Parent company for sale
Ten’s parent company Paramount has been preoccupied with ongoing merger and acquisition negotiations in the United States.
As well as film studio Paramount Pictures, the company owns US network CBS, cable channels Nickelodeon and MTV, British broadcaster Channel 5, and Network 10 in Australia.
It’s chaired by Shari Redstone, who has been making moves to sell her family’s controlling stake in the once-giant media company.
Production company Skydance, founded by billionaire David Ellison who is the son of Oracle founder Larry Ellison, had been in advanced talks to acquire the Redstone family’s shares.
But according to reports, some powerful shareholders were dissatisfied with the offer, rumoured to be worth about $US3 billion ($A4.53 billion).
On Friday, the exclusivity on merger talks with Skydance ceased, leaving Paramount open to discussions with other interested parties.
There have reportedly been calls from major shareholders for the board to consider a rival bid from private equity firm Apollo Global and Sony Pictures, which has offered $US26 billion ($A39.26 billion) for a full acquisition of Paramount Global.
Mediaweek publisher and long-time media commentator James Manning said Ten’s future remains up on the air.
“Some think whoever the new Paramount owner turns out to be, they will be mainly interested in the studio business, the US CBS network, and the US cable channels,” Mr Manning wrote in a recent column.
“Other assets might be sold off. Those could include the Paramount+ streaming business and the free streaming business Pluto TV in the US. International assets to be sold off could include Australia’s Network 10 and UK’s Channel 5.”
He speculated that the most likely buyer of Ten would be a private equity firm enticed by a “bargain buy”.
Prof Potter agreed, saying: “My feeling is that it’s probably not an asset worth holding.”
Disappearing pot of gold
Back in 2006, Australia’s three commercial networks enjoyed a share of $7.7 billion of advertising revenue, allowing them to both turn a profit and invest in quality television programming.
Compare that to 2020-21 figures provided by the Interactive Advertising Bureau, and that huge pot of gold has more than halved to $3.8 billion.
Television accounted for almost half of all ad spend across Australia in 2007, while now it equates to about 18 per cent.
“The pot of ad money hasn’t increased, but the places companies can spend it has,” Prof Lotz said. “Too much money has come out of commercial TV.
“We live in a very different world now and if we had two services, or maybe just even one that had enough money to have a full slate of programming that could gather a significant audience, that might be better for Australia.”
Major losses of revenue have forced commercial networks to “cut back their content so much that people can’t find much they want to watch”, she said.

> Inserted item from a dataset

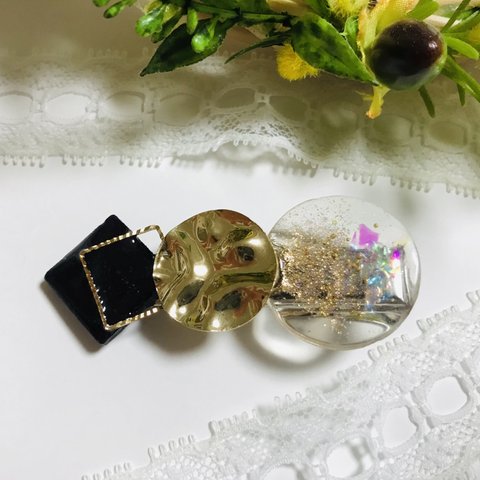 レジン　ヘアクリップ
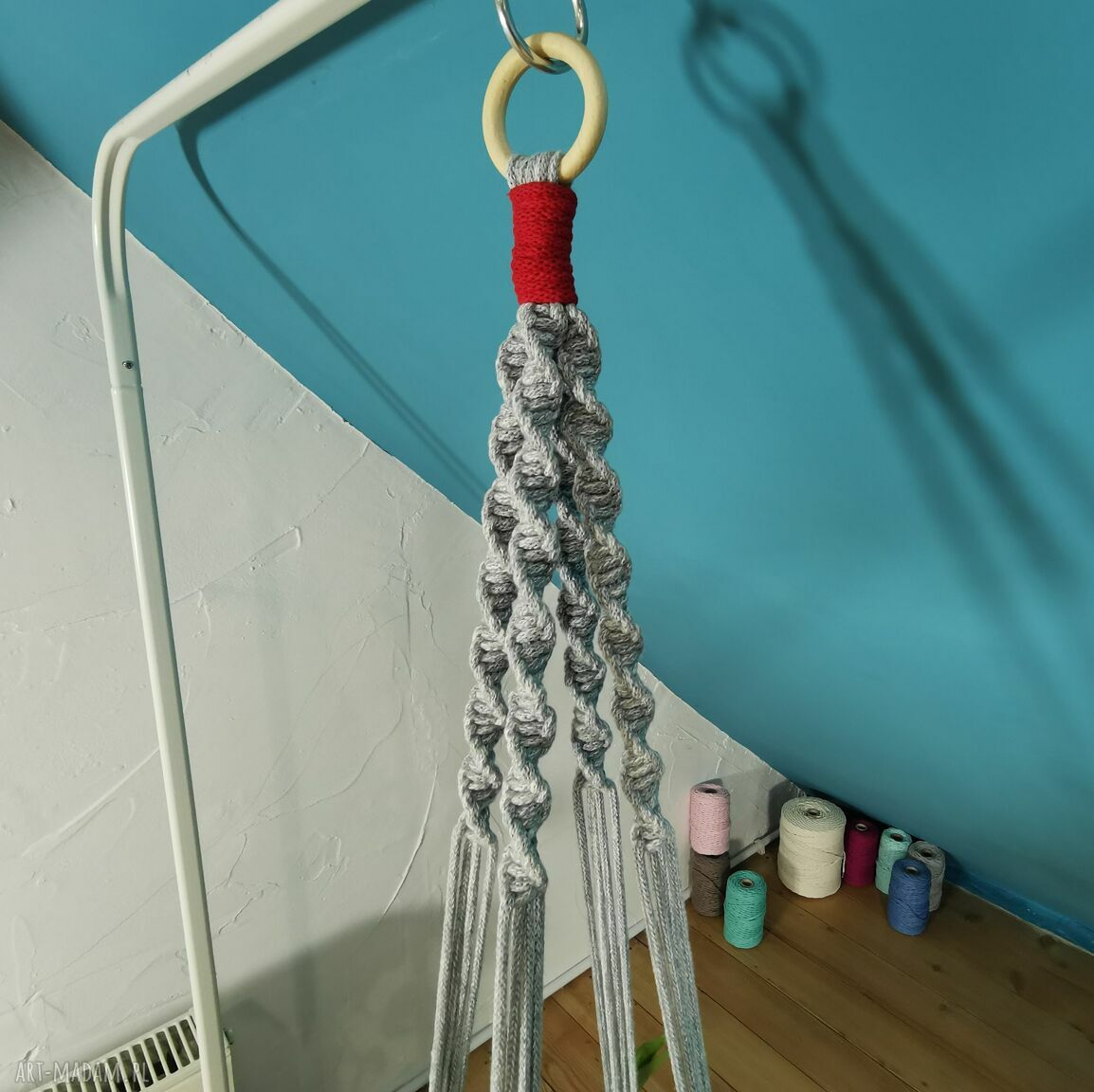 Kwietnik wiszący z makramy (mkr 14) - boho do Twoich roślin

“All that’s left is sports, news and reality. The idea that having three commercial players doing virtually the same thing is harder to justify.”
Ten’s news offering has never been a serious rival to that of Seven and Nine and it is no longer a serious player in the live sports space.
As well as the dominant streaming services, Prof Lotz said a whole range of media substitutes – like TikTok or Instagram – are captivating eyeballs that might’ve once turned to broadcast.
Major streaming services like Netflix and Amazon Prime are also entering the advertising business, serving them up to subscribers on entry level tiers.
“That’s only likely to make things worse for commercial TV operators,” Prof Lotz said.
Signs of instability
Locally, Ten has grappled with a series of internal changes. The exit of one of its two co-bosses, Jarrod Villani, earlier this year, left Beverley McGarvey, who was appointed the network’s president and Paramount’s regional lead for Australia and New Zealand, as the sole lead.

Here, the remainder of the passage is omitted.